この記者会見では、さくら放送がメトロ放送へ新株予約権を発行することが発表されている。
新株予約権はあらかじめ決められた金額や条件で、株式会社の株式を取得できる権利だ。
新株予約権者が権利を行使すると、決められた権利行使価額で株式を取得できる。
「あぁ、そうだ。さくら放送が発行した新株をメトロ放送が決められた価格で買うことができる」
「エッジスフィアに対する買収防衛策ってことか」
発表された内容によれば、発行済株式総数の約1.4倍に相当する株式が発行される。
「さくら放送の株式総数が1.4倍に増えると、今のエッジスフィアの保有率は3割から2割に減るってことか」
「大体あっている」
株式が新規に発行された場合、既存株主の保有率は希釈化する。
エッジスフィアはさくら放送に対するTOBを行っており、実際には3割以上の株を取得していることが想定されている。
いずれにしてもエッジスフィアの保有比率が大幅に低下することは避けられないだろう。
「そして、追加の4割の分はメトロ放送が取得するなら、一気に逆転するってことか」
「そうなるな」
先日、メトロ放送はさくら放送に対するTOBを行うことを発表していた。
それに加え、メトロ放送が新株を取得すれば、エッジスフィアの保有率を大きく上回ることができる。
「これって、まずいんじゃないか?」
新株を取得できるのはメトロ放送だけなので、これが実現すればメトロ放送はさくら放送の筆頭株主になるだろう。

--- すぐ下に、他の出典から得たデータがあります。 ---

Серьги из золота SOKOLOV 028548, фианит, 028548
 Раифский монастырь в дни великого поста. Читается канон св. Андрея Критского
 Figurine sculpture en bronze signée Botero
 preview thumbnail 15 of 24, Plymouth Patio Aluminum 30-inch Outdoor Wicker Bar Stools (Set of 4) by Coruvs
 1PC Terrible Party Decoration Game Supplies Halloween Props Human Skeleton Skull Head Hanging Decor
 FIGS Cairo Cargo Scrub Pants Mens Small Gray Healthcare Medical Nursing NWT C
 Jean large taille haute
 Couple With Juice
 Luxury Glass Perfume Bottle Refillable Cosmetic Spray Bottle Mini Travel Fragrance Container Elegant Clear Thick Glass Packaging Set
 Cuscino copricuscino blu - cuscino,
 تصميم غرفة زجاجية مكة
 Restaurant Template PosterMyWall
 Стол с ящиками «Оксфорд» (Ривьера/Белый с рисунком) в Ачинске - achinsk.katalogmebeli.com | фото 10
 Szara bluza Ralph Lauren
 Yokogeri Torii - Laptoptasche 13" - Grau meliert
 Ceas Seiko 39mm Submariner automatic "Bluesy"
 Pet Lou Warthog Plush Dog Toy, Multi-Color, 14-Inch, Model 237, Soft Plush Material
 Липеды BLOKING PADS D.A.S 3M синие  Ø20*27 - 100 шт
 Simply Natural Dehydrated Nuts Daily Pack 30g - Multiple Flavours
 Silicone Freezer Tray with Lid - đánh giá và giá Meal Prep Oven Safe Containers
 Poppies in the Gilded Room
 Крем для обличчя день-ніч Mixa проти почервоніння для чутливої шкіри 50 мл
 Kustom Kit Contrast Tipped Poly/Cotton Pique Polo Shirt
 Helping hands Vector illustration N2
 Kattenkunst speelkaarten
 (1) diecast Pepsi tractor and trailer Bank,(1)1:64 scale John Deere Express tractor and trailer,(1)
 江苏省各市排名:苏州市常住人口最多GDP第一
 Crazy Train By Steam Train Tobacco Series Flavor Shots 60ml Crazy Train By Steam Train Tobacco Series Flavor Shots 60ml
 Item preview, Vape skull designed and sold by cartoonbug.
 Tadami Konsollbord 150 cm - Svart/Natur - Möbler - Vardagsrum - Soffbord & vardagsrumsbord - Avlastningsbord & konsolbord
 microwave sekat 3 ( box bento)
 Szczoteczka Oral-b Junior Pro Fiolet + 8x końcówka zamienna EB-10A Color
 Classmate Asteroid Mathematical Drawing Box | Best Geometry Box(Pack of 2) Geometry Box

こうなった場合、翔動とSPCが保有している議決権の効力が大きく損なわれ、交渉力を失うことになる。
加えて、発行株式数が増えた場合は株価にネガティブな影響をもたらす。
現在、TOBが発表された影響で保有しているさくら放送株の含み益は膨大であるが、これが一気に消失してしまう可能性もある。
「本当に実現するならな」
「え? 実現しないの? そういえば、船井さんは『想定の範囲内です』って言っていたな」
柊の表情には一切の動揺が見えなかった。
どうやらこの新株予約権の発行は既定事項であるようだ。
船井の発言からも、何らかの対抗策があることがうかがえる。
「エッジスフィアは新株予約権の発行が不公正だとして、東京地裁に発行差し止めの仮処分を申し立てたんだ」
「それで……どうなったんだ?」
景隆はごくりとつばを飲み込みながら尋ねた。
この司法の判断がオペレーションイージスの成否を左右すると言っても過言ではない。
さくら放送株には100億円規模の資金を投じているため、このマネーゲームに敗北してしまうと翔動の事業継続性も危ぶまれる。